Still true. There is no music without a community, and all music belongs to communities with identities. That's why we feel so passionately about it.


----------



## Taggart (Feb 14, 2013)

science said:


> I have two thoughts on this:
> 
> (1) The canon is breaking down. In the past, music was expensive so people took recommendations seriously. The canons mattered - not only the canon of compositions, but the canon of "great recordings." But now essentially everything is available at no extra cost, so people pay less attention to recommendations. In fact, the more famous recordings are less likely to be available (because the owners work a little harder to protect them from piracy), so people are actually more likely to hear other music. Music that was rarely recorded or performed prior to the 1980s (Naxos, CPO, Chandos, Hyperion, etc.) is now more accessible and therefore becoming more popular than the old warhorses that DG, EMI, and Sony depended on in the LP and CD eras.


The canon is a modern invention. In the past, you had your local composer - Heinechen, Telemann whoever - they produced reams of music which was performed (usually) only once. If they got stale, they went off to Venice or Vienna or wherever to pick up new ideas.
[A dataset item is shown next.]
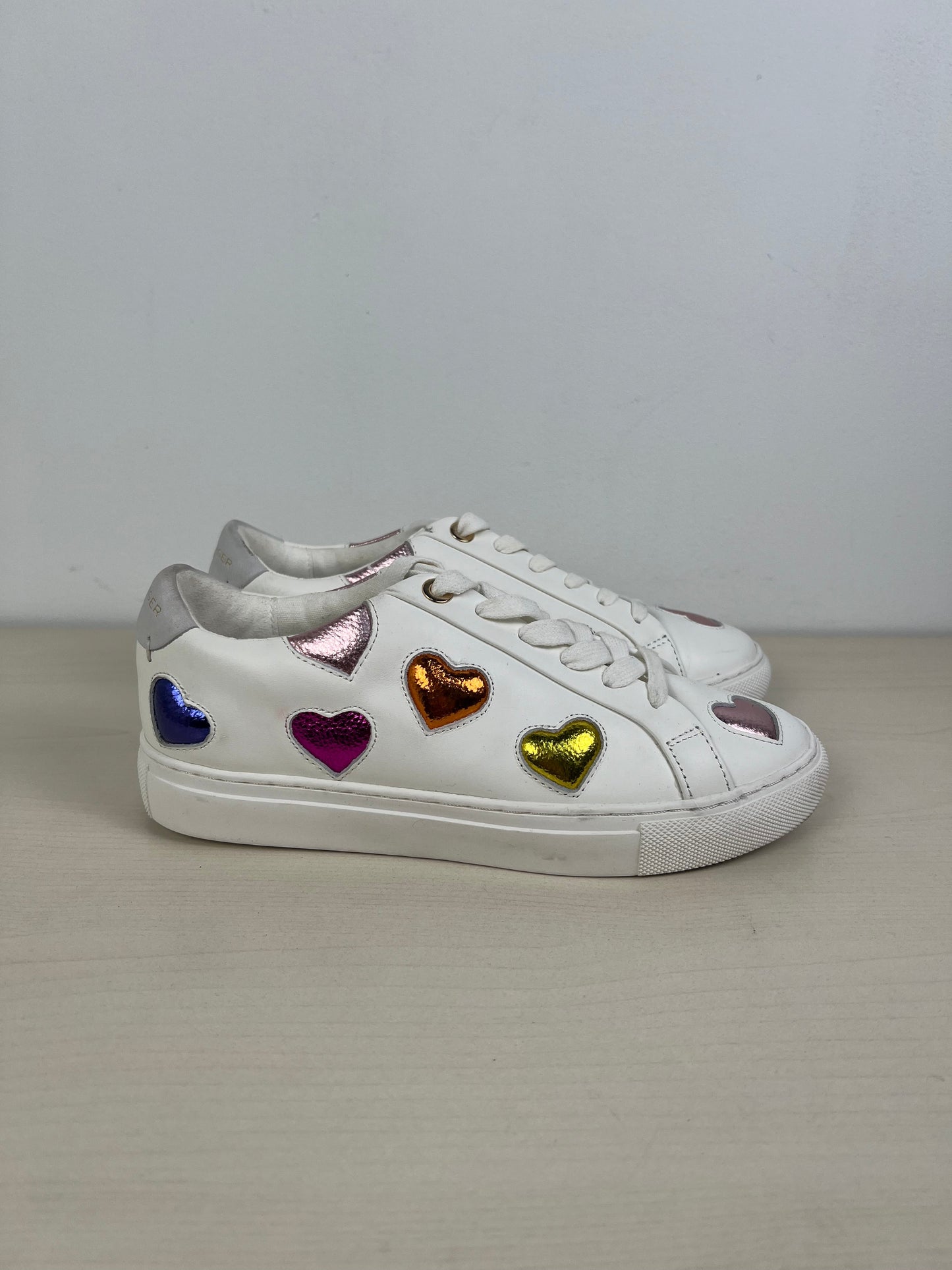 White Shoes Sneakers Kurt Geiger, Size 7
If you didn't have a local composer, you set up a music society to manage a library of scores for you and your friends to play or to listen to your friends playing.

Now we have access to more music just as Mendelssohn rediscovered Bach, we have (in England) our own 3 Bs - Byrd, Blow and Boyce.



science said:


> (1a) There's good and bad to this. The good is that a lot of avant-garde 20th and 21st century music was really expensive, and now it's free. The bad is that everything else is also free, and... well, my personal opinion is that the cream isn't necessarily rising to the top.... Probably wise not to say more about that.
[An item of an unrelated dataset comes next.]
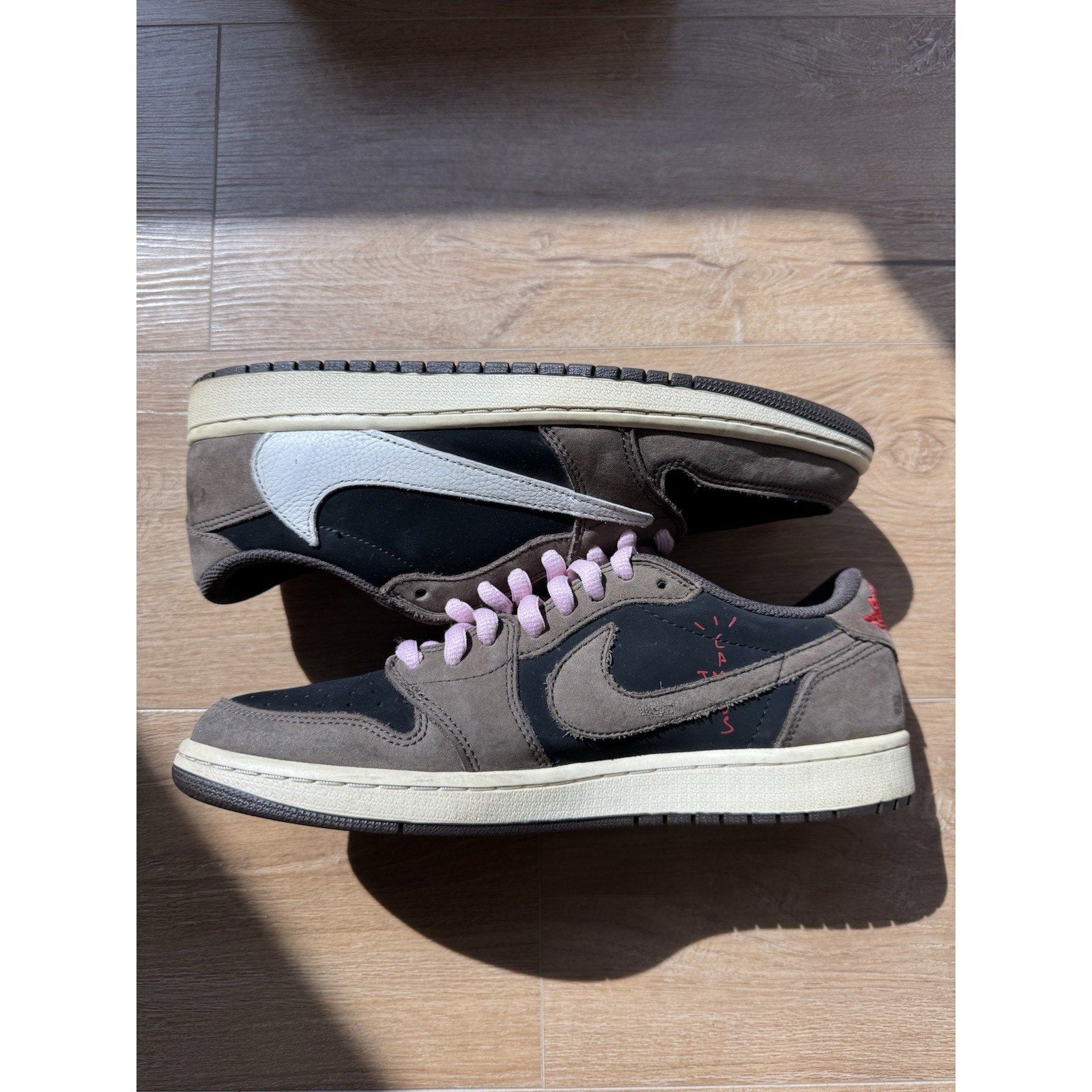 Jordan 1 x Travis Scott Low Mocha - Size 10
Just as the canon is breaking down, we no longer have a definitive source of new ideas.



science said:


> (2) Recorded music cannot remain profitable much longer. Musicians will have to make their living from live performance, with recordings being essentially charity for people who can't afford live music.
> 
> What other effects do you think free music is having or will have?


Recorded music makes money for the record companies. Groups like La Serenissima are going in for crowd-funding to push their recordings. Musicians, apart from the top rank virtuosi, have never made much money out of recording. Some groups even run their own You Tube channel to publicise their music. There's a small group of dedicated free lancers making money by performing and teaching just as there always was.


----------



## Sid James (Feb 7, 2009)

My thinking is similar to Taggart's in that the decline of the current system can open up possibilities on a smaller scale. I see signs of it happening but its too early to equate it to a revolution. Perhaps music is just going back to where it started, somewhat like a glue which has connected people and communities since humanity existed. This can help counter the negative effect of instant access which encourages isolation with us all listening with earbuds at home, en route to somewhere or at work or school.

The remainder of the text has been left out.